Why the hue and cry from
these states? Simply put, the Obama administration engineered DAPA after
Congress rejected the very policies the program seeks to put in place. And it
would accomplish this in clear and blatant violation of the Administrative
Procedure Act, immigration law, and the Constitution’s ‘take-care’ clause. A
district court temporarily enjoined DAPA last year in February 2015, which
action the Fifth Circuit twice affirmed.
Then, the shenanigans
started. Texas Attorney General Ken Paxton attempted to prolong consideration
of the case until the next October term but the Supreme Court only granted him
an eight day extension to file his opposition brief and the Obama Justice
Department, looking to hurry things up even more in their favor, waved its
right to file a reply brief.
On January 19, 2016 the
Supreme Court agreed to review the case. The Court took the unusual step of
asking for briefings on the new constitutional question of as to if DAPA
violates the Take Care Clause.
Significantly, the Court
ordered the Obama administration to answer the pivotal question of whether DAPA
“violates the Take Care Clause of the Constitution.” This is profound in that,
in 225 years, the Supreme Court has never had occasion to ask a sitting
president whether he has violated his oath to take care that the laws are faithfully
executed.
Top
Constitutional Violations Of The Obama Administration-
The EPA’s Clean Power Plan
Because We Said So,
That’s Why!
Back in June 2014, the
heavy-handed federal entity known as the Environmental Protection Agency, or
EPA, proposed another new rule, this time for regulating power-plant emissions.
Despite significant criticism and repeated opposition from both the states and
private enterprise, the EPA announced a final rule on August 3, 2015.
The ruling gives
states until 2018 to develop final plans to reduce carbon dioxide emissions,
with mandatory compliance beginning in 2022.
To justify this
typically draconian rule, the EPA cites Section 111 of the Clean Air Act as
justification for the Clean Power Plan. However, the problem is that section
doesn’t give the agency such authority. Section 111(d) doesn’t permit the
government to require states to regulate pollutants from existing sources, such
as those deriving from coal-fired plants, when those pollutants are already
being regulated under Section 112.
Once again, the Supreme
Court had to intervene and on February 9th, 2016 the Court granted a stay,
halting implementation of the EPA’s Clean Power Plan pending the resolution of
legal challenges to the program in court.
The Obama administration
views the CPP as its signature environmental initiative, and it represents the
EPA’s most ambitious effort to control so-called ‘greenhouse gas’ emissions
under the Clean Air Act.
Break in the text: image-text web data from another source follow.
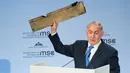 PM Israel Benjamin Netanyahu menunjukkan benda yang diduga potongan pesawat tak berawak Iran yang ditembak jatuh di wilayah udara Israel saat pidato dalam Konferensi Keamanan Munich (18/2). (AFP/ MSC Munich Security Conference / Lennart Preiss)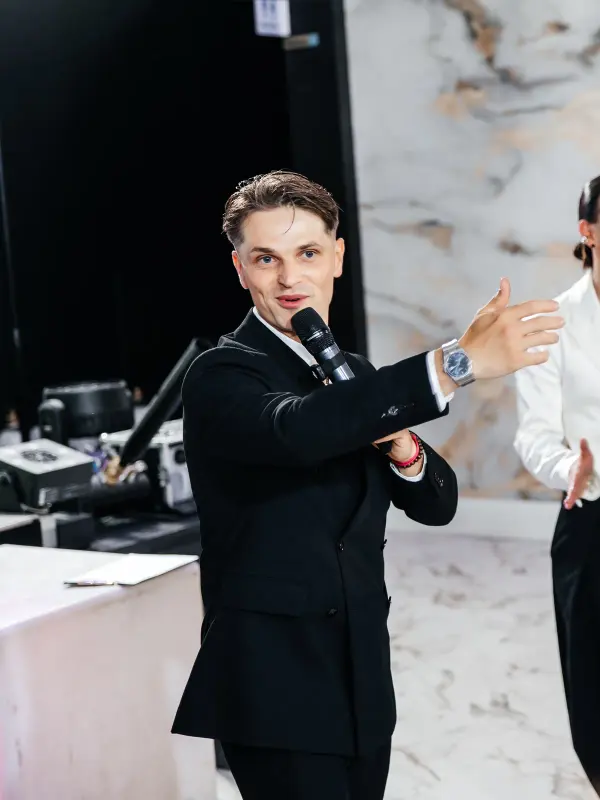 Vladyslav running a game with three guests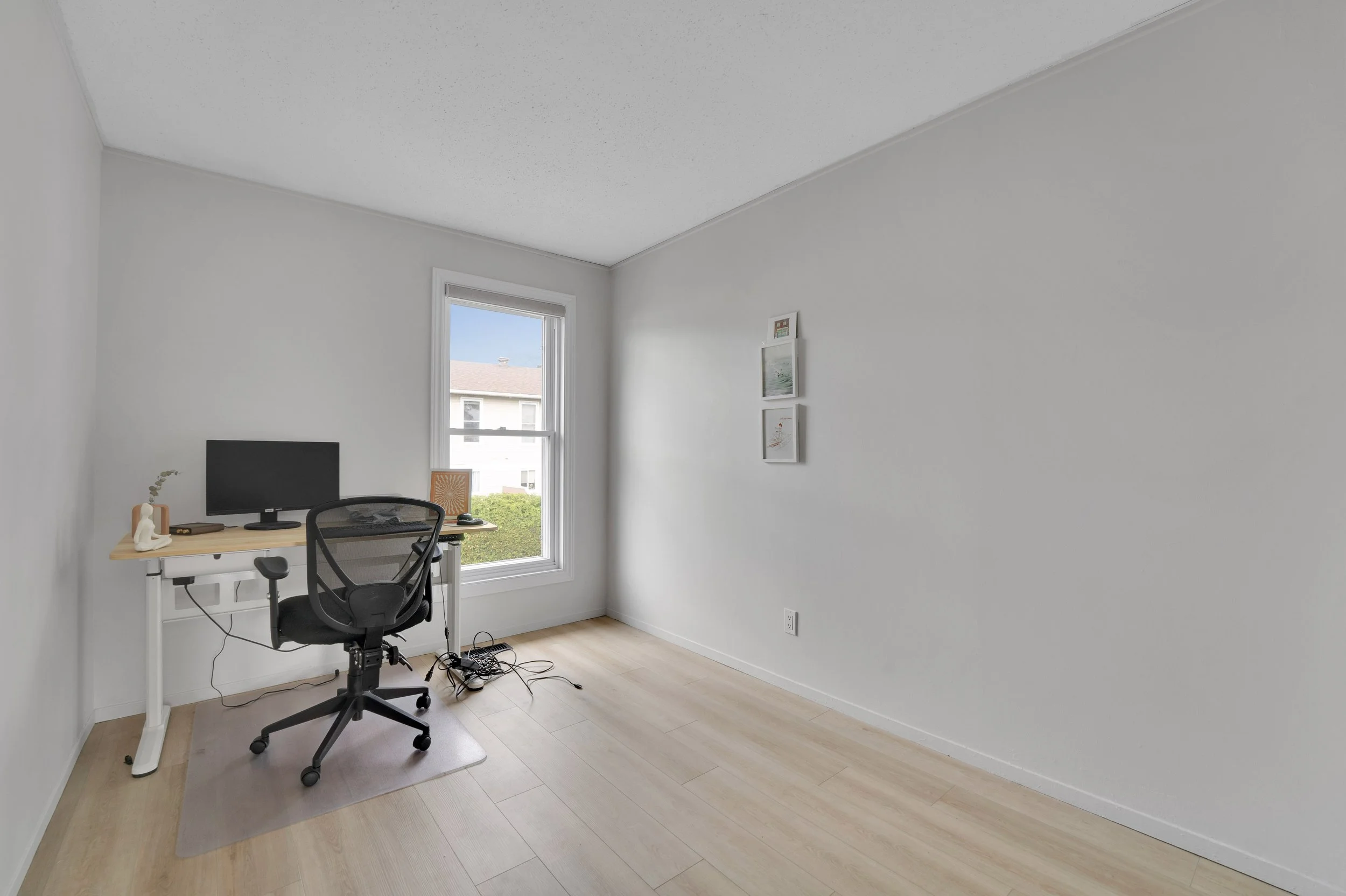 NVISION3D Real Estate Photography Ottawa  A minimalist home office with a small desk, a black ergonomic chair, a computer monitor, and a window with a view of neighboring houses and blue sky. The walls are white, and the flooring is light wood.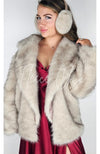 A woman wears a fox fur coat with rabbit earmuffs by Fleece Chic.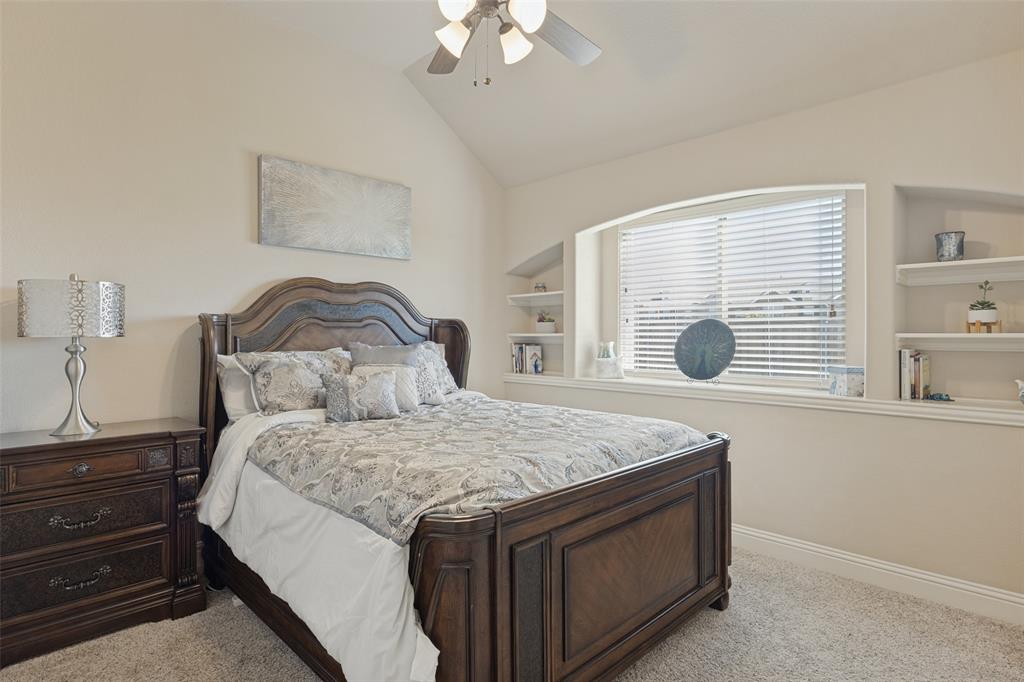 3405 Fletcher Road Heartland, TX 75114 - Photo 19 of 30 Secondary bedroom with shelves on both sides of large window,
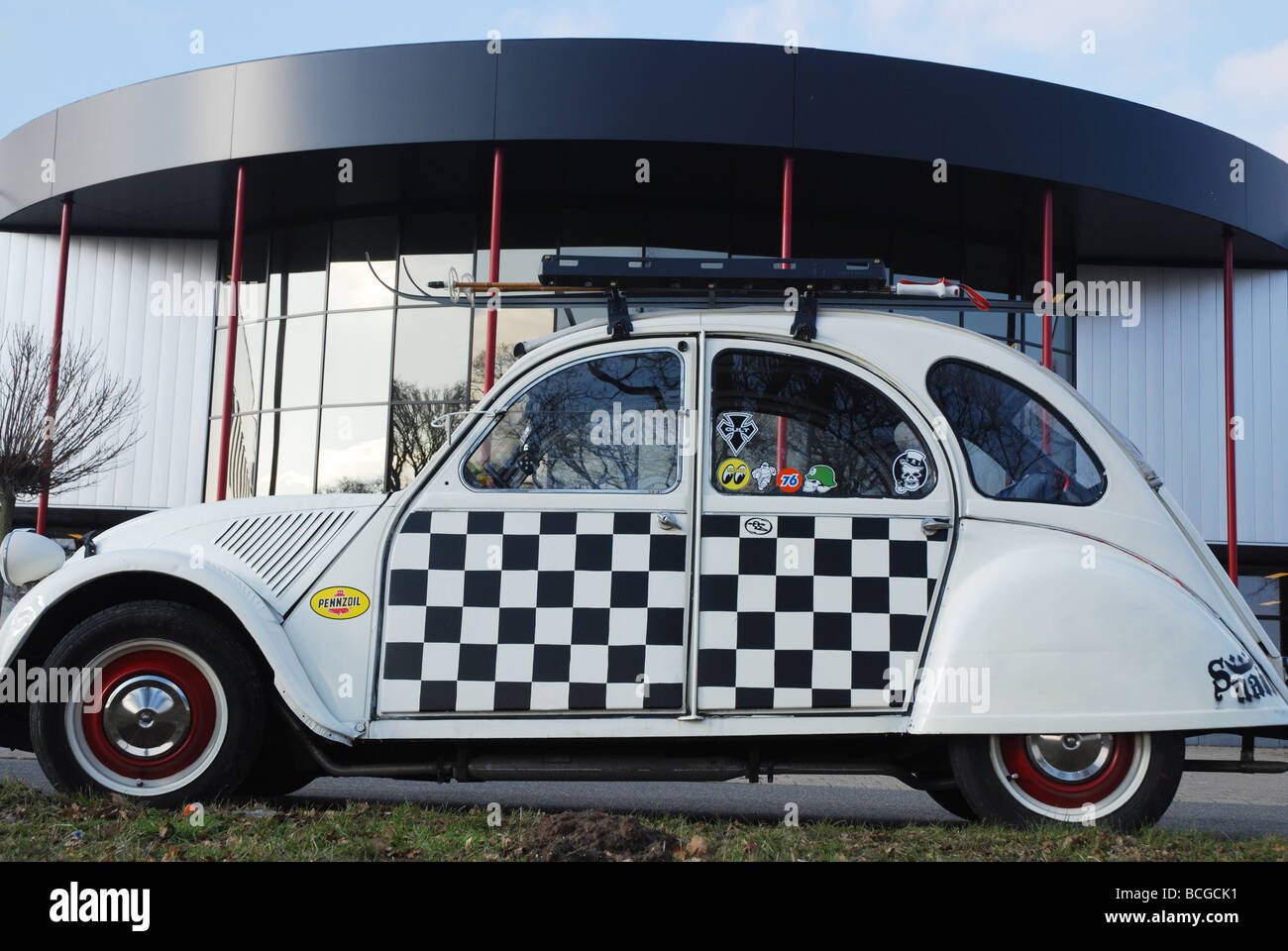 chequered Citroen deux chevaux parked by roadside Stock Photo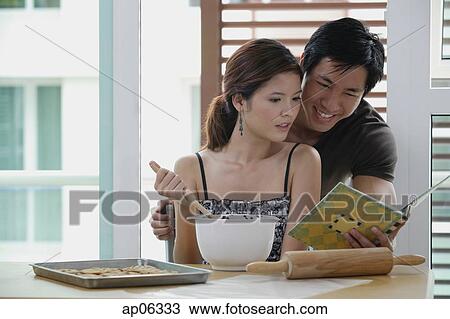Couple in kitchen, looking at cookbook View Large Photo Image Stock Image - Couple in kitchen, looking at cookbook. Fotosearch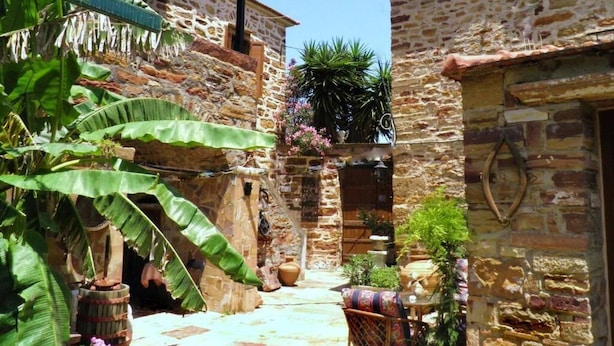 A narrow stone courtyard with a rustic building, a wooden barrel, and potted plants.
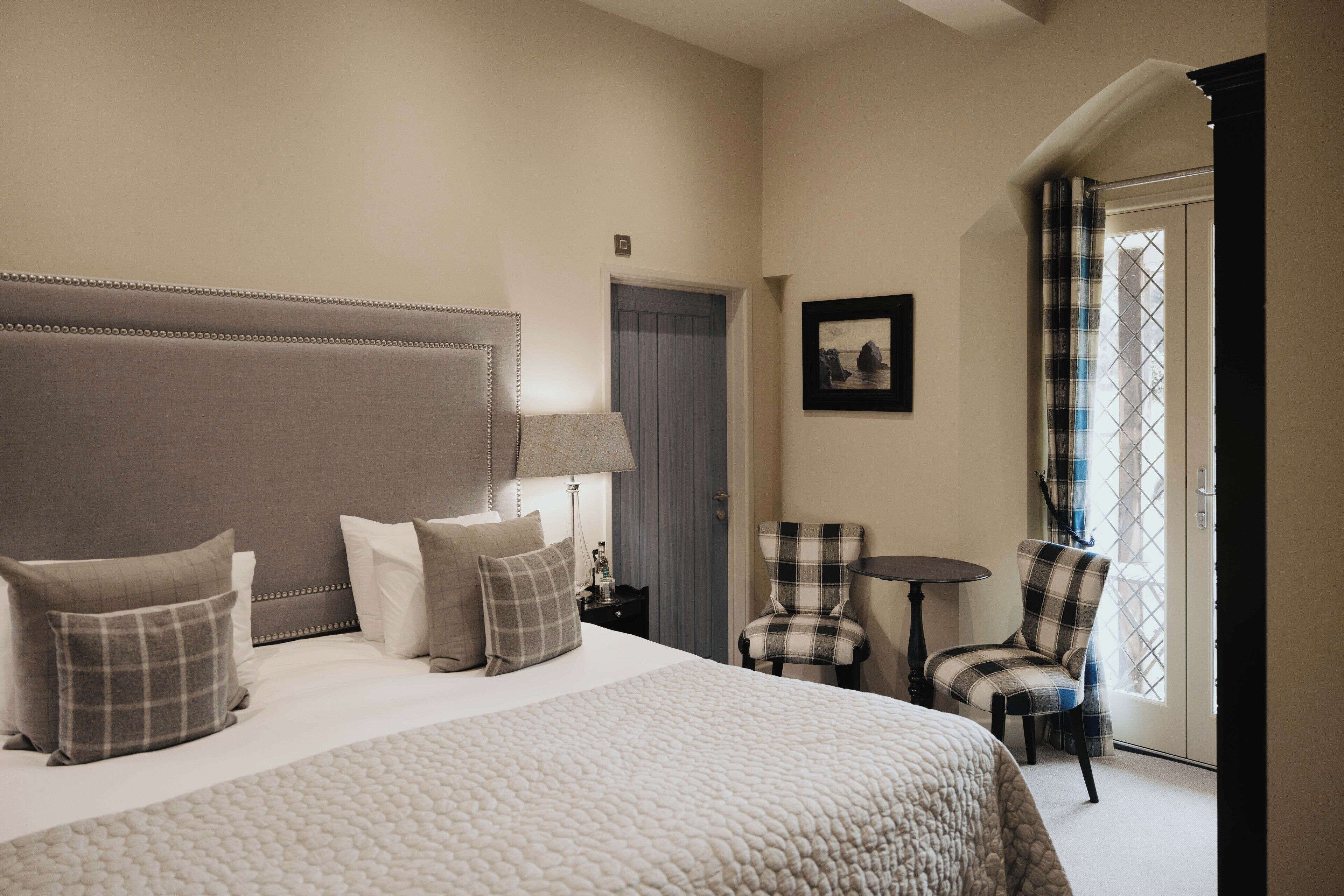 Una habitación de hotel con una cama grande, una silla, una mesita y una puerta que da a un balcón.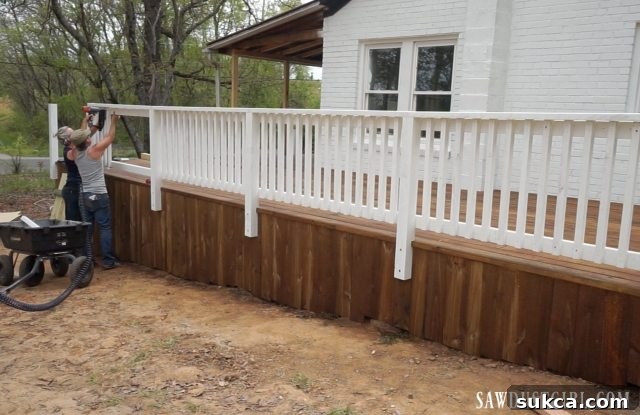 The meticulous installation of deck spindles, adding intricate detail to the railing.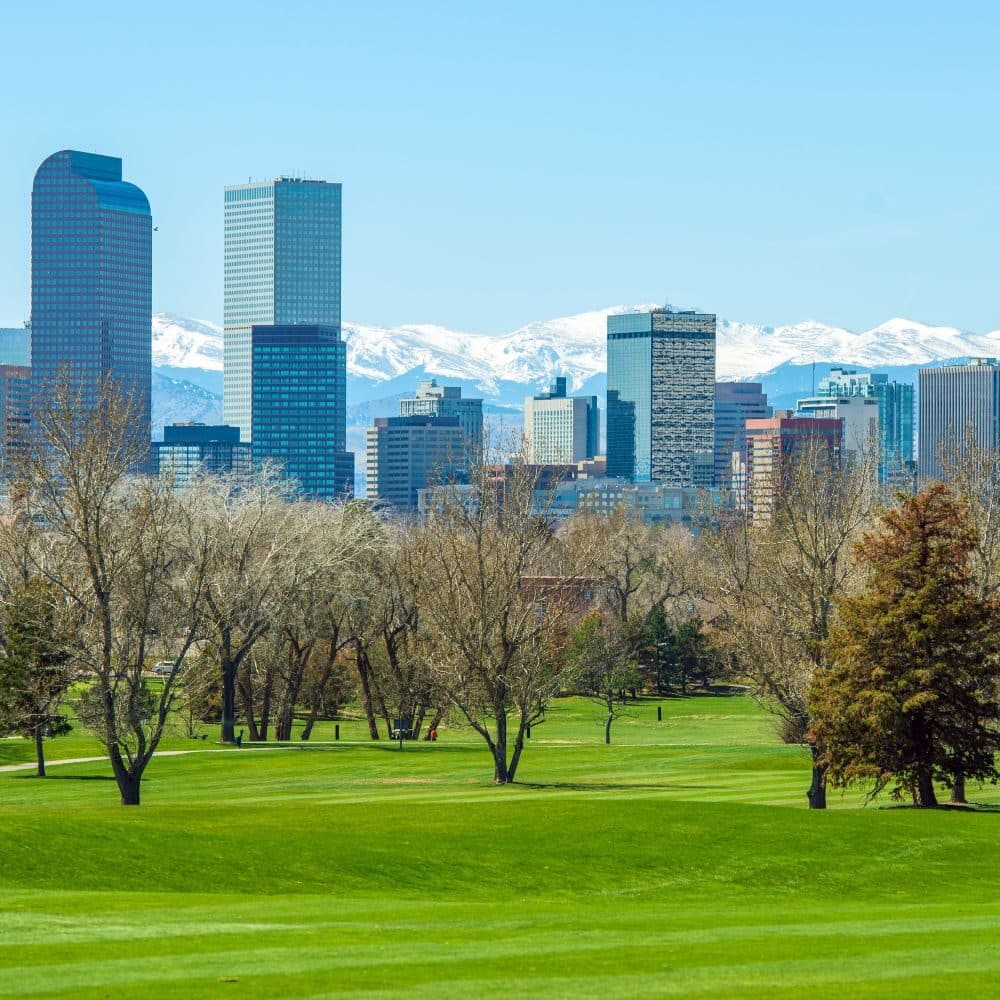 Sunny Denver Skyline. Spring in Colorado. Denver Skyline and Snowy Rocky Mountains.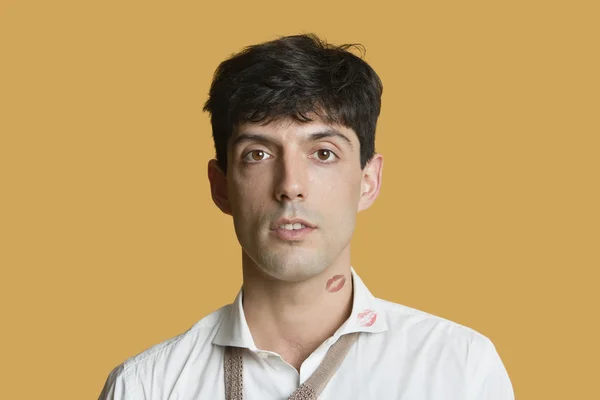 Portrait of a young man with lip print on neck and shirt over colored background — Stock Photo, Image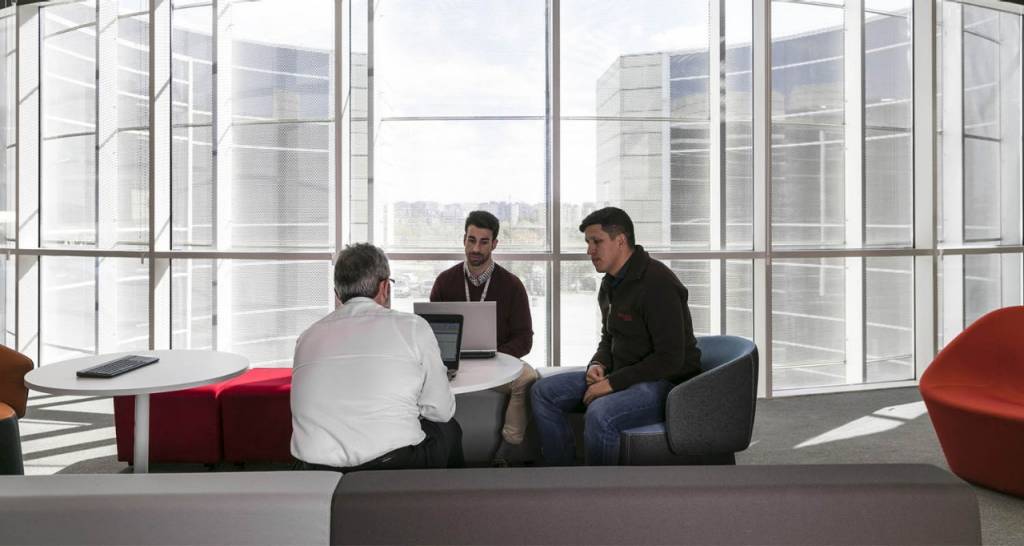 Three men sitting by a window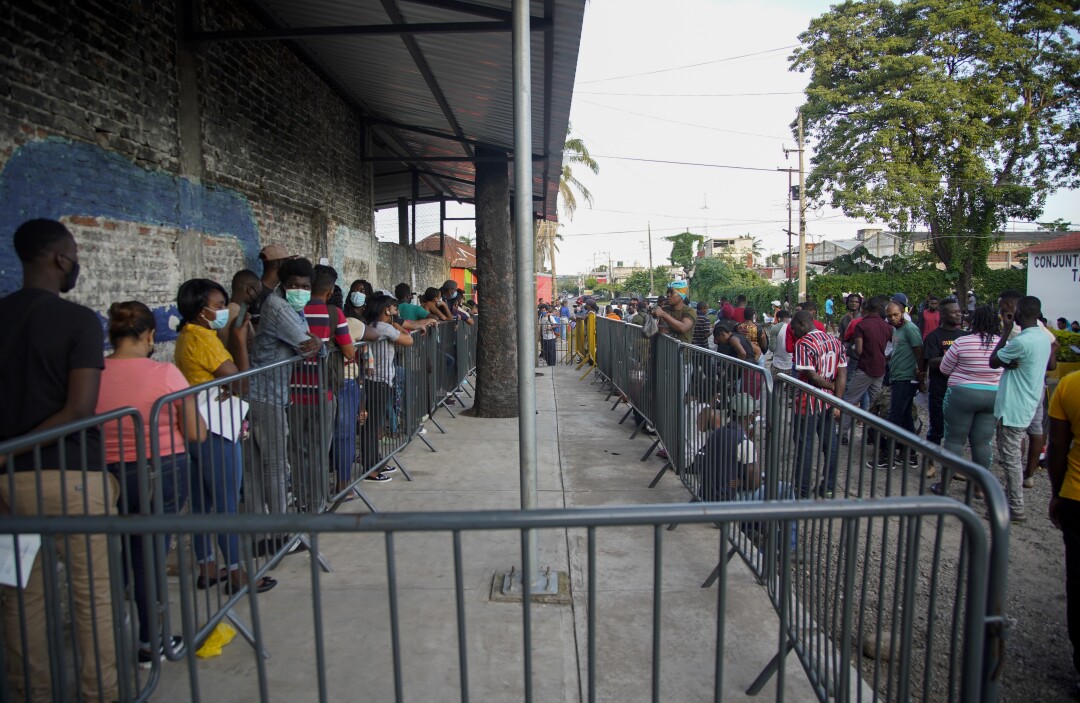 Asylum seekers wait outside a Tapachula office responsible for identifying refugees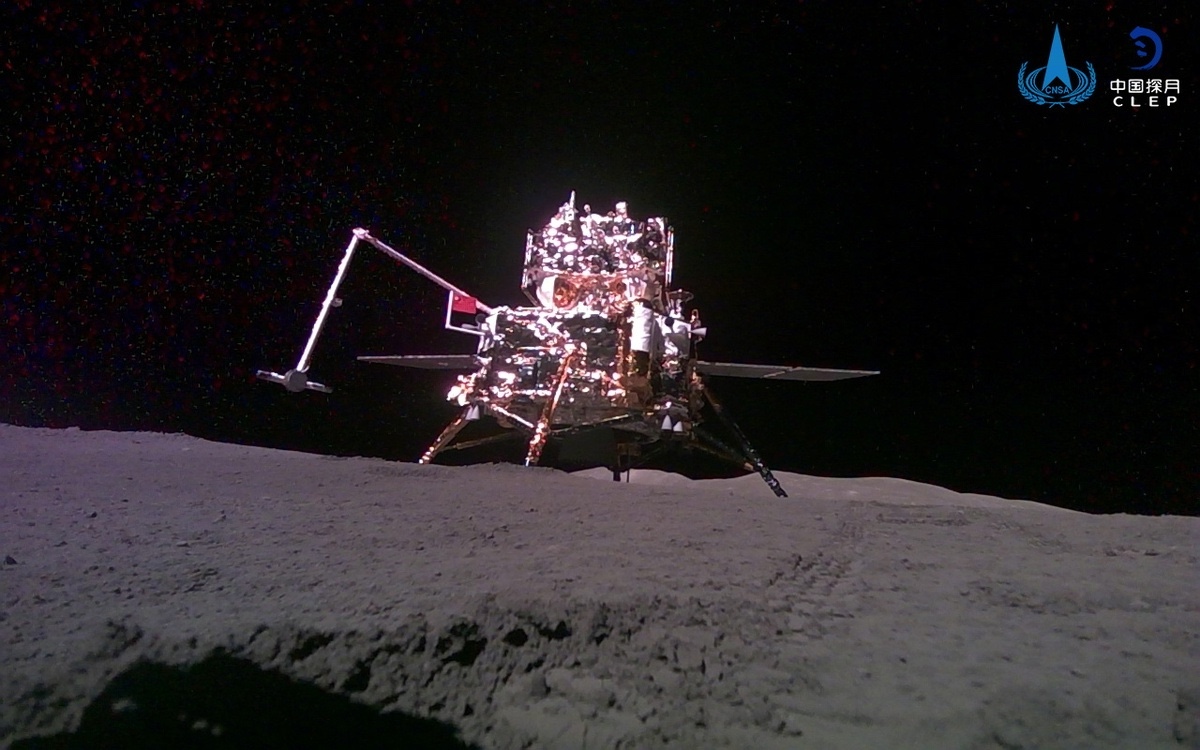 Lunar lander on the moon's surface with a robotic arm extended, under a dark sky.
However, many states are not as enamored by this
egregiously illegal move. In fact, five separate stay applications were filed
by more than two dozen states and numerous industry groups.
The Supreme Court’s
decision was a surprise to many legal observers, as it is unusual for the high
court to block federal regulations, especially since the D.C. Circuit had
denied a similar request. One possible explanation was offered by Michael S.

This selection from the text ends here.